Safety recommendations
Working through the International Commission for the Protection of the Rhine (ICPR) UBA advanced the idea of increasing safety levels at installations by also improving the safety of individual key functional units (storage, handling, pipelines, etc.). In the following years technical safety recommendations for action were formulated for ten functional units, which the ICPR also recommended be implemented in the Member States.
By 1999 accident-related water pollution in the Rhine river basin had declined by over 99% compared to the levels which were common in the 1970s and 1980s.

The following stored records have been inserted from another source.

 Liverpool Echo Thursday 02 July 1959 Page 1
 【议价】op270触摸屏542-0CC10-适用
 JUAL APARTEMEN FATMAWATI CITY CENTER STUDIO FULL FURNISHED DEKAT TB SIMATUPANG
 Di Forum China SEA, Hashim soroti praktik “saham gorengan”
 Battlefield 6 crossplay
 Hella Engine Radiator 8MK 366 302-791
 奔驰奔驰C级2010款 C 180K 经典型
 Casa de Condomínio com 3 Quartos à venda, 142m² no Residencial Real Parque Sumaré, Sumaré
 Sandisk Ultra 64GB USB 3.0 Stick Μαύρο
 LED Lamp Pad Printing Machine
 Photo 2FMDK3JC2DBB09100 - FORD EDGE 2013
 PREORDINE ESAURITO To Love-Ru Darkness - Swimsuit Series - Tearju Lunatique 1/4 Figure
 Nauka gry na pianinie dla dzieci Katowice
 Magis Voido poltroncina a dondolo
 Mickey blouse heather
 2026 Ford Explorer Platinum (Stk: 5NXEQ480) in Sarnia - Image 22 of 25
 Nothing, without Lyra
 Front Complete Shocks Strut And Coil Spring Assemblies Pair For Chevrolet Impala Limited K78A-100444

These successful approaches were transferred to the newly founded International Commission for the Protection of the Elbe (IKSE) in the early 1990s, then to the International Commission for the Protection of the Danube River (ICPDR) at the end of the 1990s, and the International Commission for the Protection of the Oder at the beginning of the millennium, and to the UNECE. In the meantime more than 30 international harmonised guides have been developed for various relevant functional areas, industries or specialised sectors of industry.
A further area of focus for UBA in recent years has been its collaboration on the UNECE Convention on Industrial Accidents and UNECE Water Convention. A Joint Expert Group to the two conventions, with central coordination by UBA, developed safety guidelines for "Pipeline Safety" (2006/7), for "Tailings Management Facilities" (2008/9) and Oil-Terminals”. The guidelines were approved by all UNECE member states. Following the 2010 red sludge accident in Hungary, the authorities in Hungary are revising the inspection guidelines based specifically on this Safety Guideline for Tailing Management Facilities (TMFs).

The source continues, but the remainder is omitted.